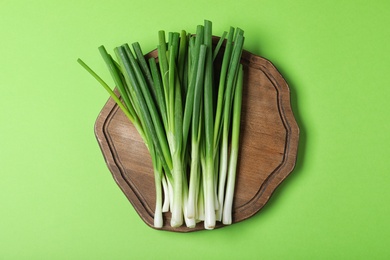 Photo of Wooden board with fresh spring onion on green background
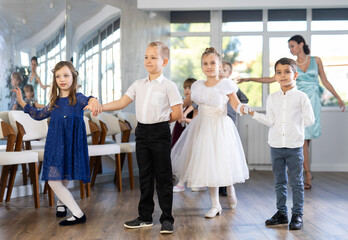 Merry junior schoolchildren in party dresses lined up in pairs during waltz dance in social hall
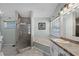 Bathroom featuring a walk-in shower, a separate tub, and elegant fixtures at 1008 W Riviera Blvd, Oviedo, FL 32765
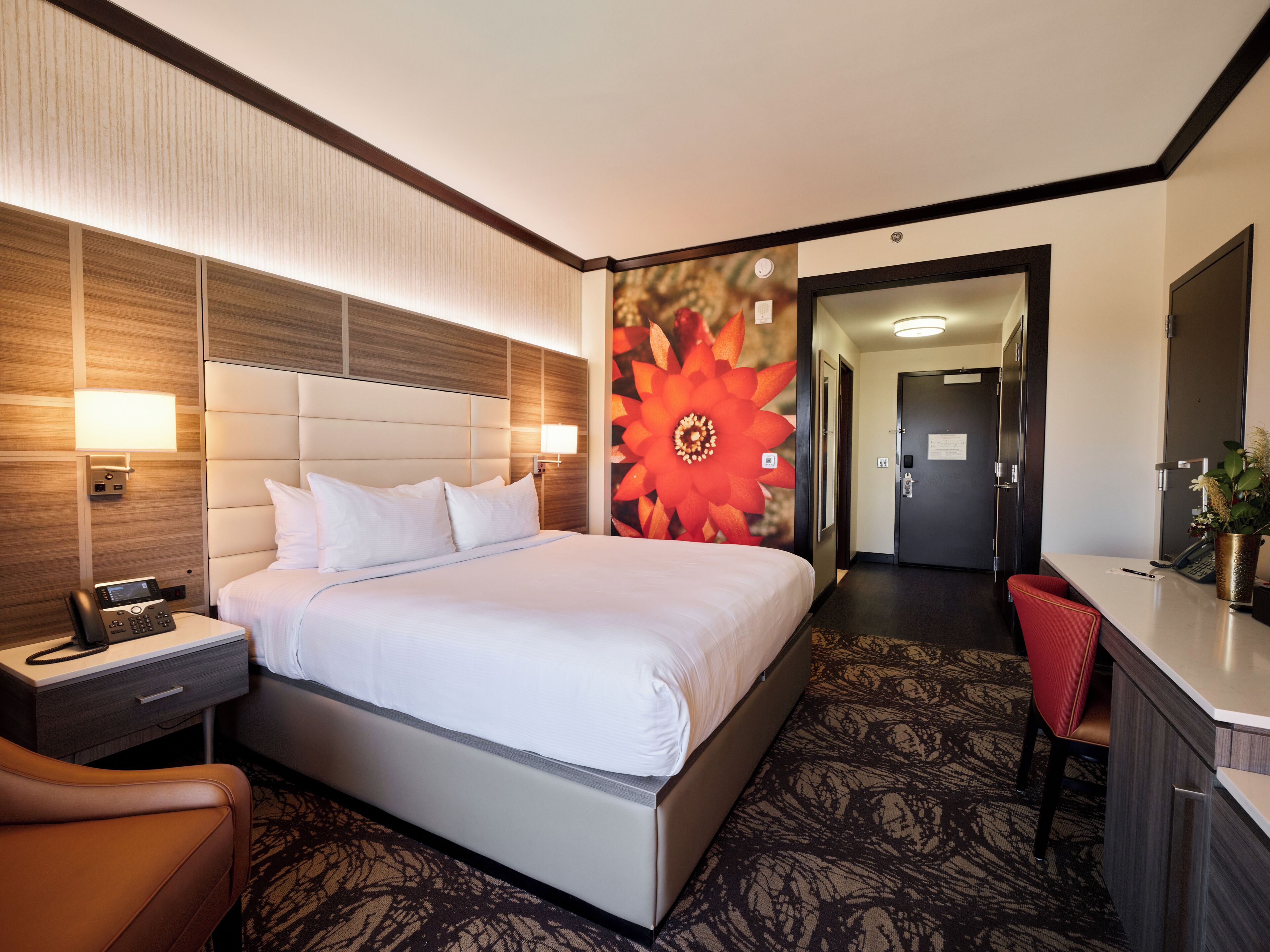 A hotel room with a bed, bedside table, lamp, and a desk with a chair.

## THE TASK
Every line of the data above is to be set down exactly; the pictures are not.

## SOLUTION TO THIS PROBLEM
 Photo of Wooden board with fresh spring onion on green background
 Merry junior schoolchildren in party dresses lined up in pairs during waltz dance in social hall
 Bathroom featuring a walk-in shower, a separate tub, and elegant fixtures at 1008 W Riviera Blvd, Oviedo, FL 32765
 A hotel room with a bed, bedside table, lamp, and a desk with a chair.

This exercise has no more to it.